What to produce – Please, starting at the line that contains "Ten icons of", reproduce every line exactly until the records run out, skipping all pictures.

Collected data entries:
---
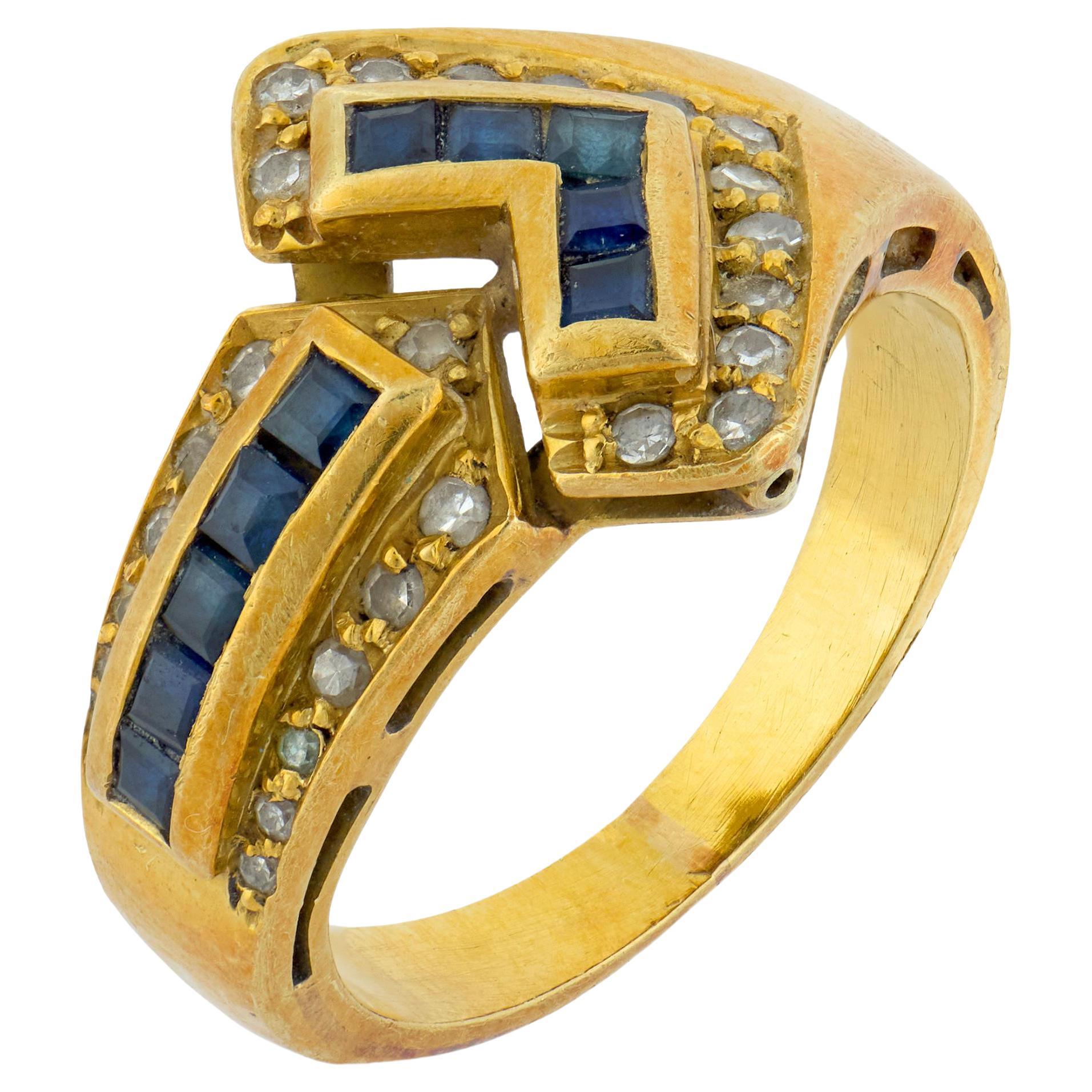 Vintage sapphire diamond 18k yellow gold ring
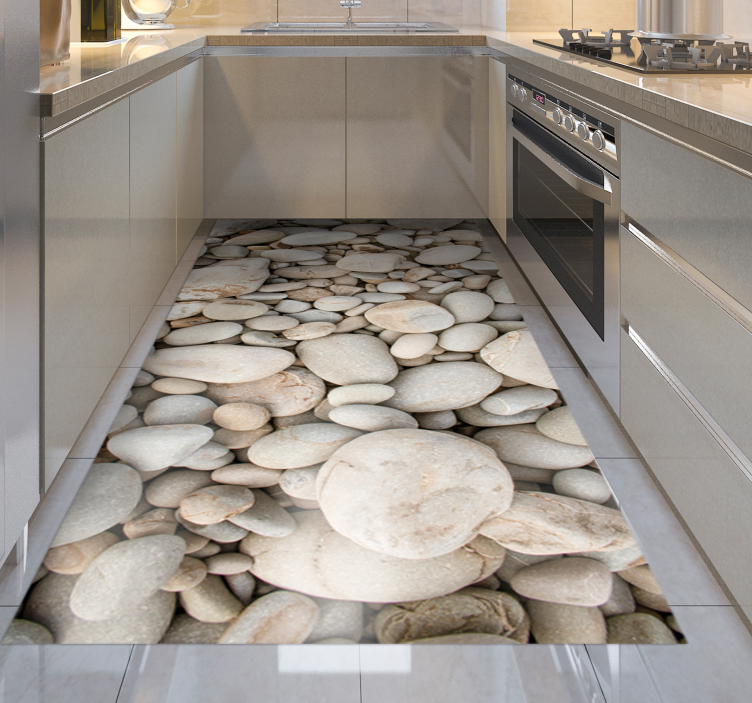 Covor din vinil de bucatarie cu pietre mici albe - TenStickers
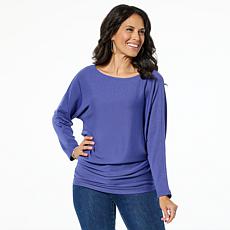 "As Is" IMAN Global Chic Side Tucked Knit Top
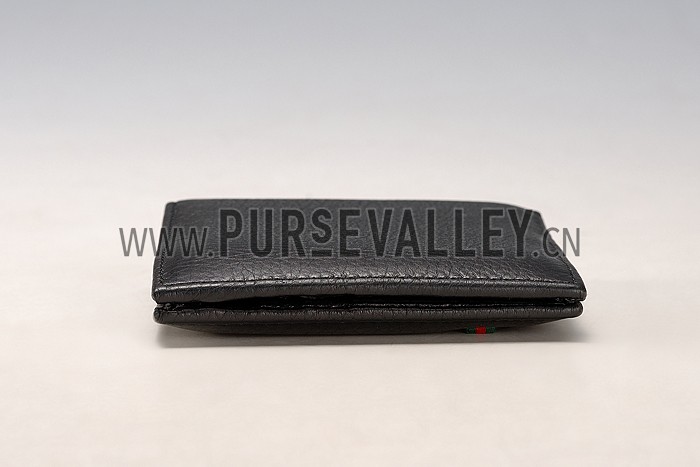 Gucci Bi-Fold Wallet With Interlocking G Metal Detail Black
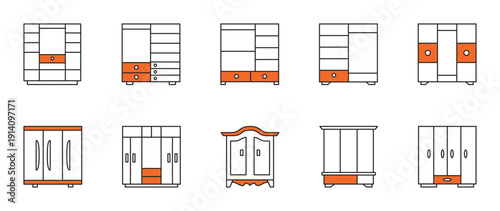 Ten icons of wardrobes and storage units. Orange panels highlight drawers. Perfect for bedroom furniture catalogs and home organization layouts.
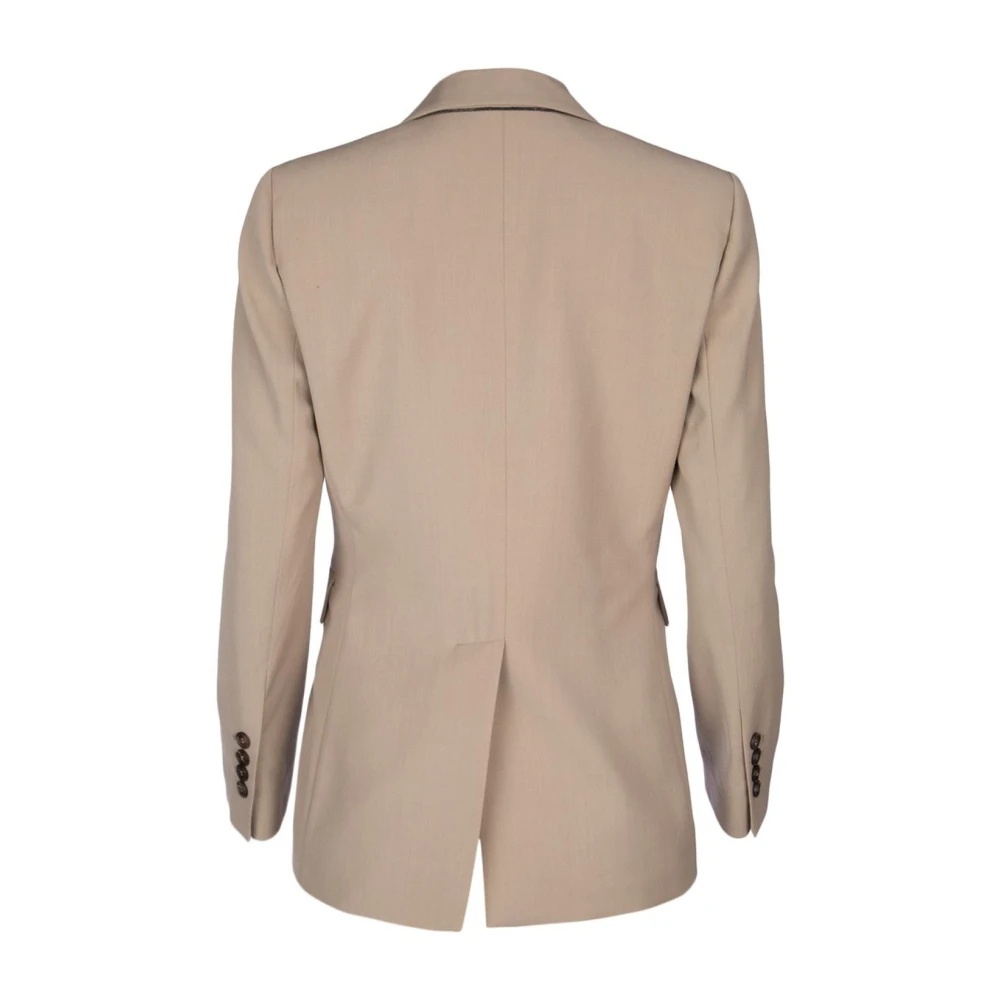 BEIGE WOOL JACKET ELEGANT STYLE - 2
---
Written answer –
 Ten icons of wardrobes and storage units. Orange panels highlight drawers. Perfect for bedroom furniture catalogs and home organization layouts.
 BEIGE WOOL JACKET ELEGANT STYLE - 2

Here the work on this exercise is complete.